Although the East is emphasized here, there’s a good cross-section of other cultures and locations, too, but it is disappointing there was no mention of Aztec, Mayan, or Celtic sites. The first half of the book is stronger, then seems to taper off and lose drive toward the end. But it’s a worthwhile contribution to travel literature, and a good starting-off point for further reading. Each chapter concludes with biographical information, including the author’s publications. Overall, this is provocative material and a good introduction to new writers.

As the millennium approaches there’s more activity closer to home. Sandra Gurvis’s Way Stations to Heaven catalogues 50 sites in the U.S. where miracles are said to have occurred. Gurvis researched news clippings and databases to write this guidebook to sights and visionaries. She has a light-hearted style and claims objectivity because of her Jewish faith. For each site there’s a description explaining what to expect, with quotes from skeptics and authorities as to whether they are real or fake, plus instructions on how to get there.

The sites include established churches and shrines, land, statues and icons, and group experiences. There’s a high preponderance of visions of Mary and Jesus and Roman Catholic iconography. The events range from the questionable sign made of pasta revealing Jesus’s crown of thorns above the words “Spaghetti Junction,” to the more serious. Rosa Lopez in Florida, for example, claims many apocalyptic messages from Mary, and her Polaroids of such amazing happenings as “mystical lights” surrounding her home are included. Way Stations to Heaven is an entertaining look at the bizarre and the unexplained that will interest the faithful and the ambivalent.

Jon Ortner’s Where Every Breath Is a Prayer is a fine coffee-table book and a visual feat that gives an intimate look at spiritual areas and holy people of Asia, a world that has been unchanged for centuries and whose landscapes give off a sense of mystery.

Ortner is a New York-based photographer whose work has appeared in GEO, Travel & Leisure, and Architectural Digest. He brings to the book a personal overview based on his extensive interest in Eastern philosophy and mountaineering. Ortner’s route moves through spectacular landscapes from the Himalayas to India, Java, and Thailand, and finishes in Bali. The text accompanying the striking photographs is insightful and explains local spiritual practices.
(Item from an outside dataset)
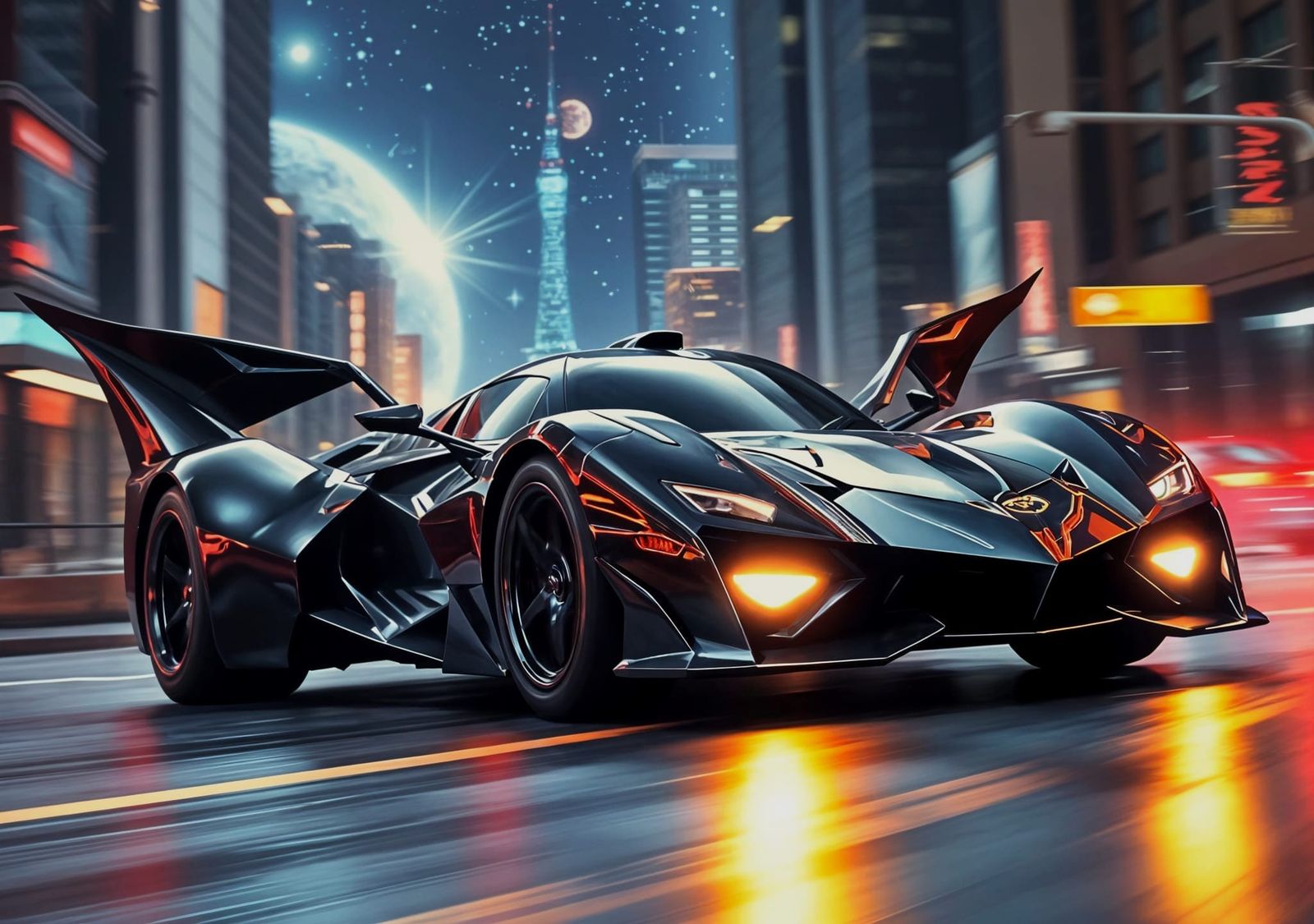 Futuristic Batmobile style Supercar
Walking tours of Nepal, challenging travel for those seeking spiritual treks as well as peace and quiet, are growing in popularity. Frommer’s Nepal is a detailed guide to planning a trip to Nepal and a perfect companion for the neophyte planning a trip to the East. A softcover book with a well-balanced blend of maps and places of interest, the book is filled with information on the historical background of the country, calendar of events, and how to find spiritual and yoga instruction. Families, singles, and couples will find this a good quick-reference guide to places of interest, night life, and trekking routes. There’s an appendix of basic phrases, as well as tips on how to shop for and negotiate bargain prices on carpets and jewelry.
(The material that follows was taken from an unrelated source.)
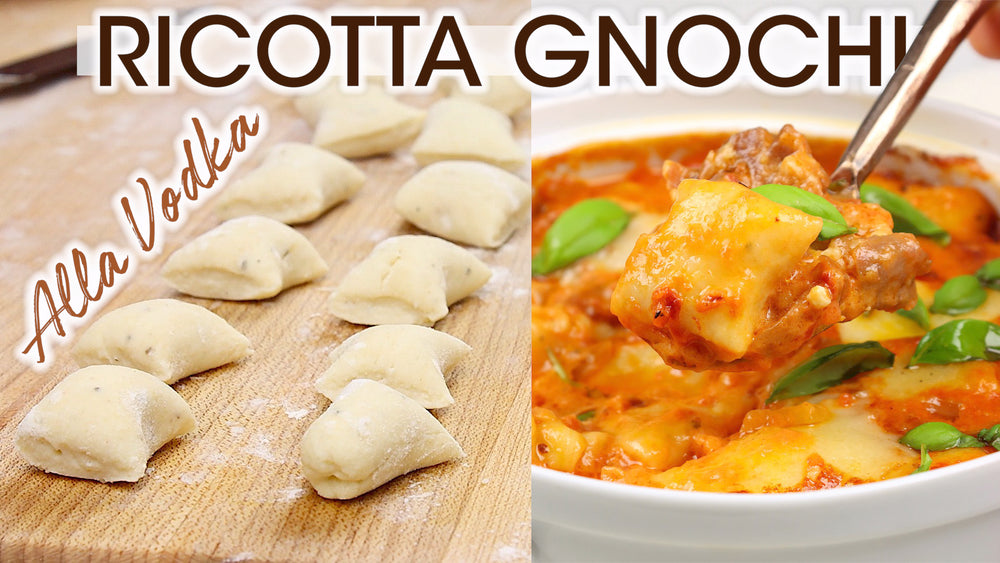 
            
                Load and play video in Gallery viewer, Homemade Ricotta Gnocchi Alla Vodka Recipe Youtube Thumbnail | How To Cuisine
One of the excellent Lonely Planet travel survival series is Tibet by Chris Taylor. Another pocket guide, the book covers the world of Tibet and Tibetan Buddhism, and practical survival topics such as how to get around, how to plan a solo trip, what to take, and how to stay healthy, and takes an in-depth look at monasteries and avoiding “undercover monks,” (Chinese undercover agents ).

In a similar vein, The Traveller’s Guide to Japanese Pilgrimages by Ed Readickher-Henderson offers a wealth of information and inspiration on Japan’s holy traditions. The guide begins by outlining the pilgrimage tradition in Japan and explains how to get started. As in medieval Europe, the traditional season for pilgrimages in Japan runs from mid-March to November. Options include day trips and longer journeys, and the book gives a detailed look at the three most popular routes in the country: Mount Hiei, Saigoku Kannon, and Shikoku Kobo Daishi. Myths and stories about shrines are told in a concise narrative style, and there are many colour photographs. Pilgrimage in Japan, as elsewhere in Asia, remains a vital part of life.
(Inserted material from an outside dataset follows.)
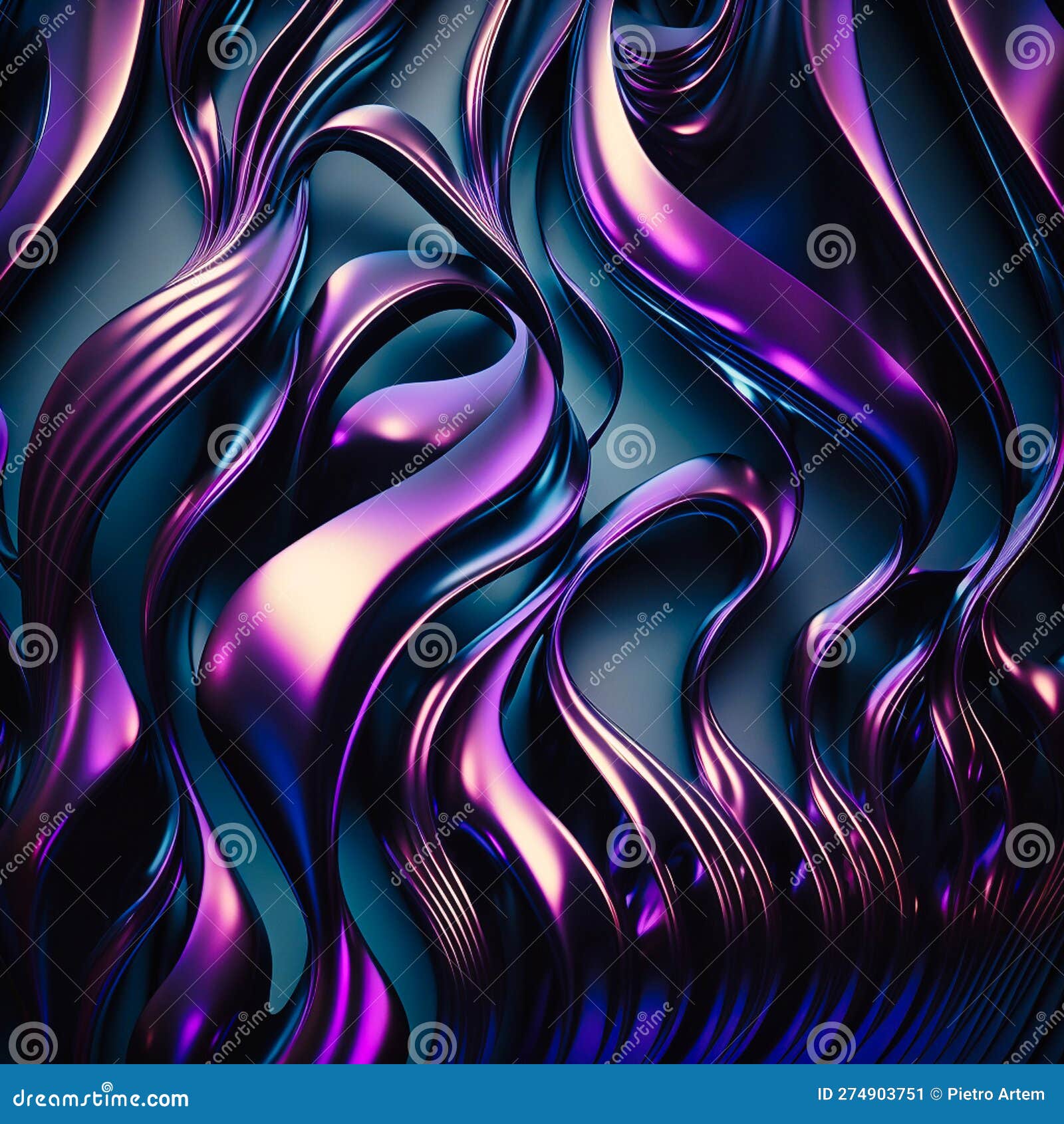 Dark Purple and Blue Glossy Wallpaper with Abstract, Generative AI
Back in Europe, focused on the creative inspirations of faith, is Sister Wendy’s Grand Tour: Discovering Europe’s Great Art. Many may remember Sister Wendy’s enthusiastic style in her recent BBC series on art. This book discusses masterpieces in 10 continental cities, ranging from Madrid and Rome to St. Petersburg. As Sister Wendy points out in her preface, she didn’t want to leave her solitude as a Carmelite nun in Norfolk, and she didn’t have a great desire to go on a grand tour. She says she didn’t go to sightsee, but to enjoy “with gratitude this great chance to see some of the most wonderful things that human beings have ever created.” The book has 62 high-quality plates with text alongside, and there are helpful brief lives of the artists included in the appendix. Sister Wendy writes as well as she speaks, with sensitivity and unpretentious insight. She always manages to find a spiritual message and a new way of looking at the artists’ work. In Fra Angelico’s Annunciation, for example, Sister Wendy points out the silence and peace of the tone, “so as not to drown out the heavenly greeting that comes to all of us.” And in Cezanne’s The Bathers, the figures are clothed in nature. The trees are “not real trees any more than these are real bathers, but the essence of tree, just as the young men are essential flesh. This anxious, beautiful joy is something that we actually need.” Sister Wendy’s Grand Tour is a beautifully written work about the masterpieces of Europe that could be enjoyed by an art lover looking for fresh perspectives, as well as an adolescent just beginning to explore and appreciate the visual arts.